### Problem to solve:
Print exactly the lines of the listing below from the one containing "Pretty Little Liars Chandler Kinney" through the final line, both included, and no pictures.
= Beginning of Section =
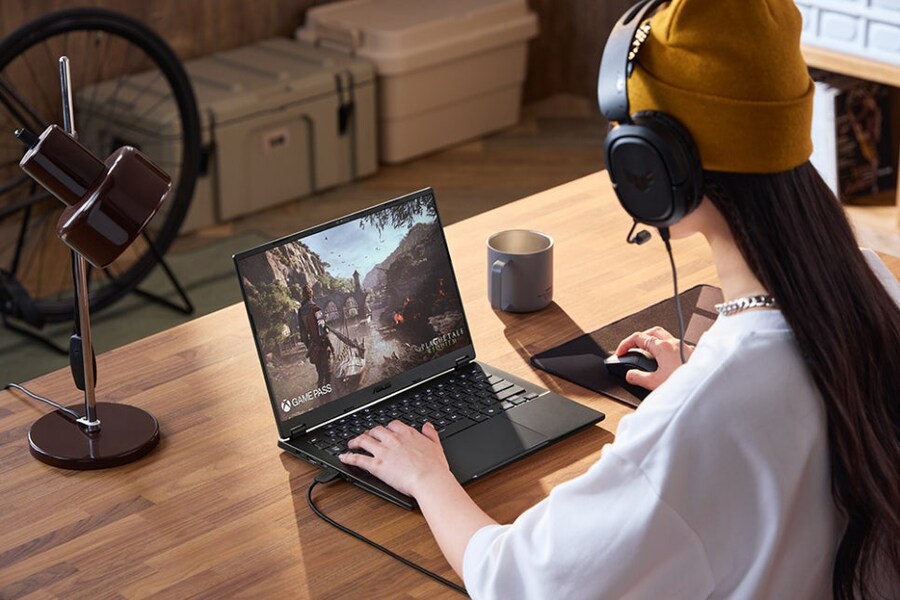 [11번가] ASUS 젠북&TUF 노트북 특별 혜택! (~7.15)_5.png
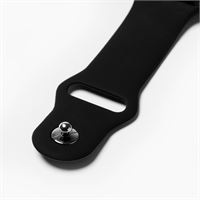 SMARTWATCH MULTIFUNZIONALE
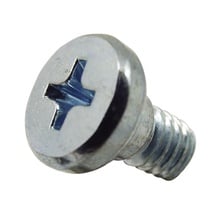 KitchenAid WP110679/110679 Mixer Screw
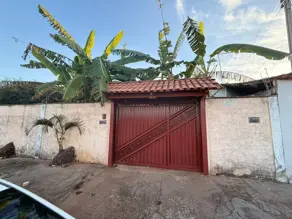 Casa Jardim Primavera, Hidrolândia - GO — foto 1
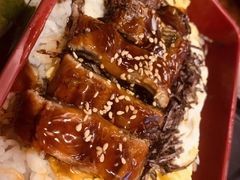 -食喜料理(诸城店)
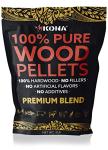 Kona Smoker Pellets for Ninja Woodfire Grill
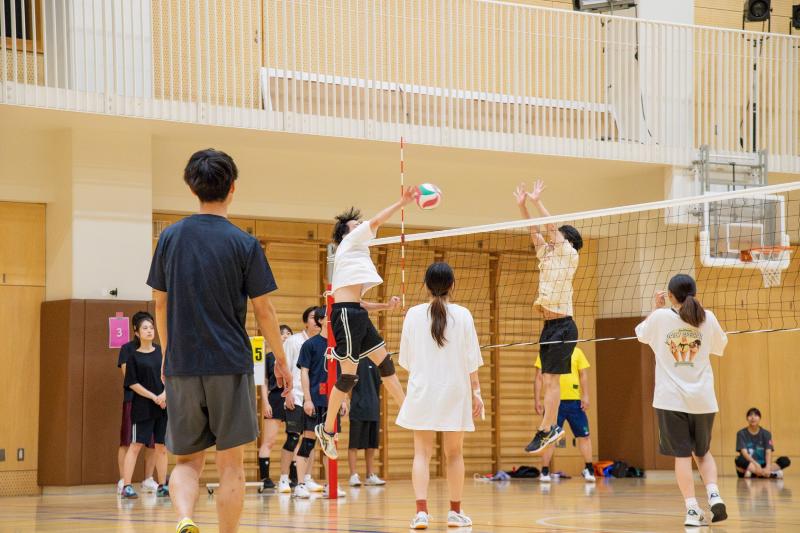 一般社団法人Lucksの求人・転職情報-03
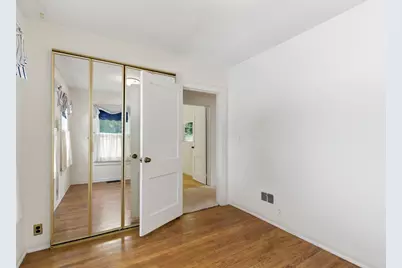 3624 E Shore Drive, Portage, MI 49002 - Photo 22
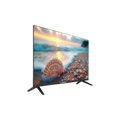Premium KB ELEMENTS 32 inch Smart LED TV – High Performance Android 14.0, Built-In Receiver, HDMI, EShare, Dual Remotes | PCMac Lebanon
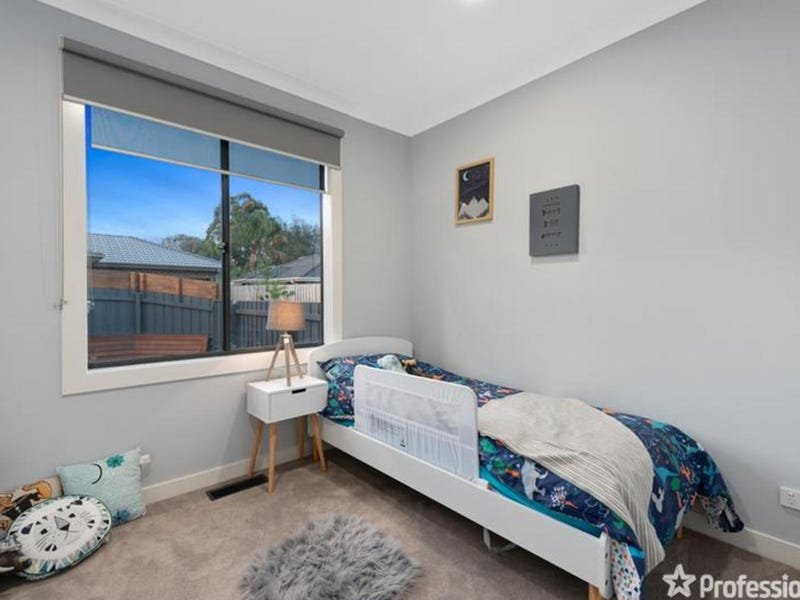 1/369 Mt Dandenong Road, Croydon image 15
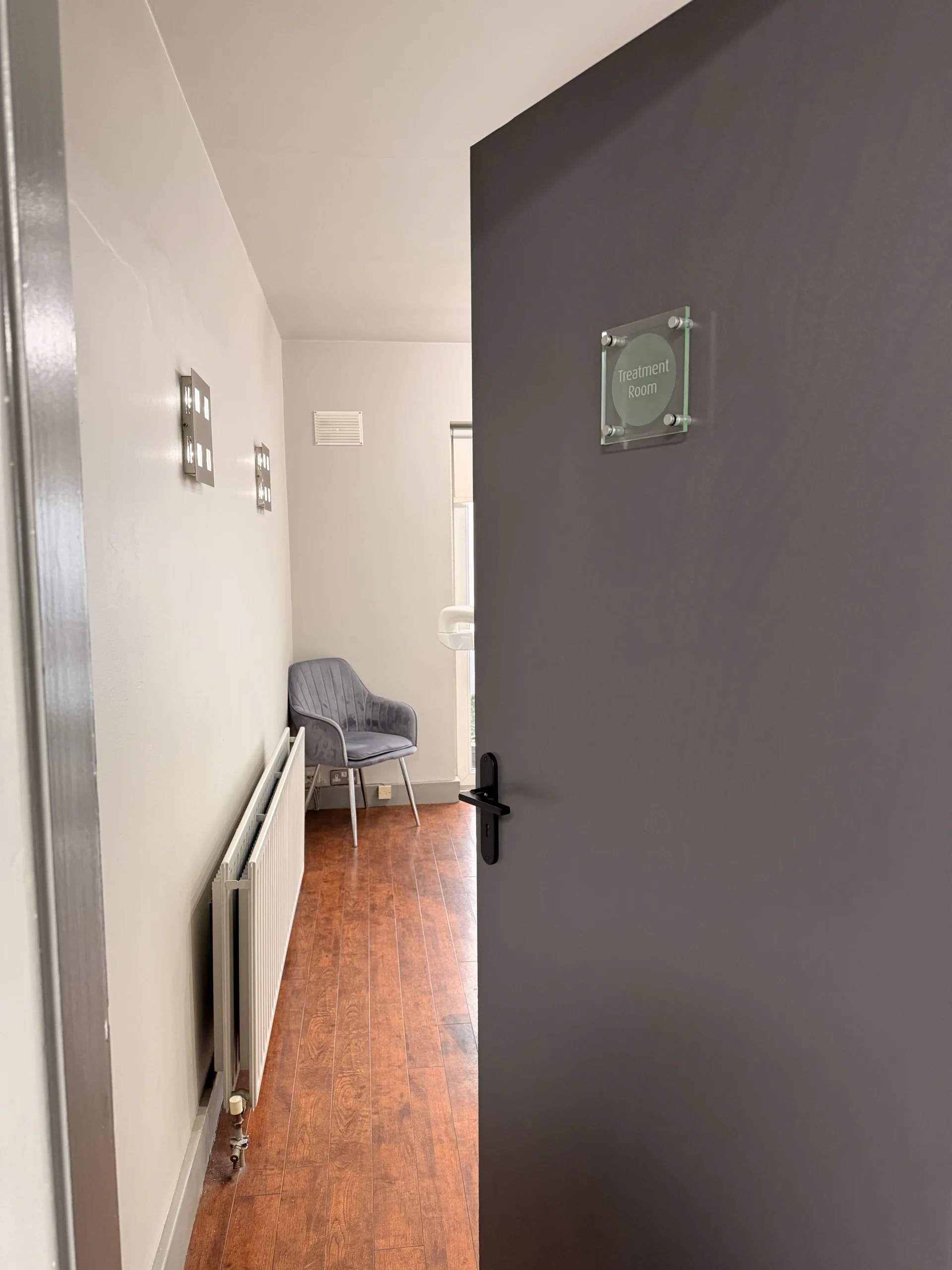 Dental fillings at Face Dental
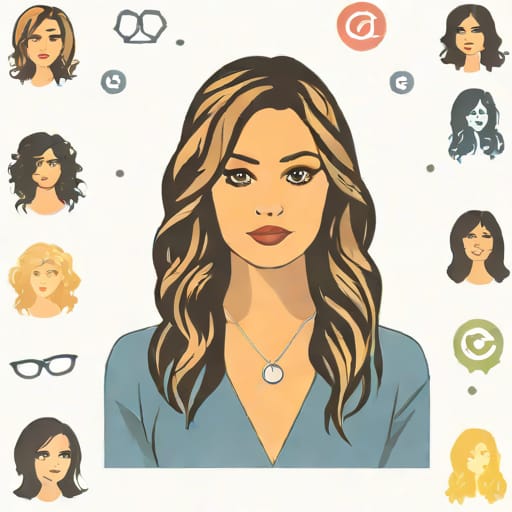 Pretty Little Liars Chandler Kinney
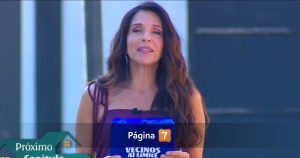 Anuncian drásticos cambios que remecerán ‘Vecinos al Límite’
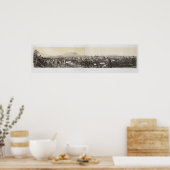 Peru 22 poster (Keuken)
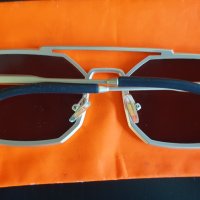 Маркови очила Prada,Maybach, gucci, Louis Vuitton , снимка 9 - Слънчеви и диоптрични очила - 43924346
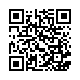 Scan Qr Code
= End of Section =
### Answer below:
 Pretty Little Liars Chandler Kinney
 Anuncian drásticos cambios que remecerán ‘Vecinos al Límite’
 Peru 22 poster (Keuken)
 Маркови очила Prada,Maybach, gucci, Louis Vuitton , снимка 9 - Слънчеви и диоптрични очила - 43924346
 Scan Qr Code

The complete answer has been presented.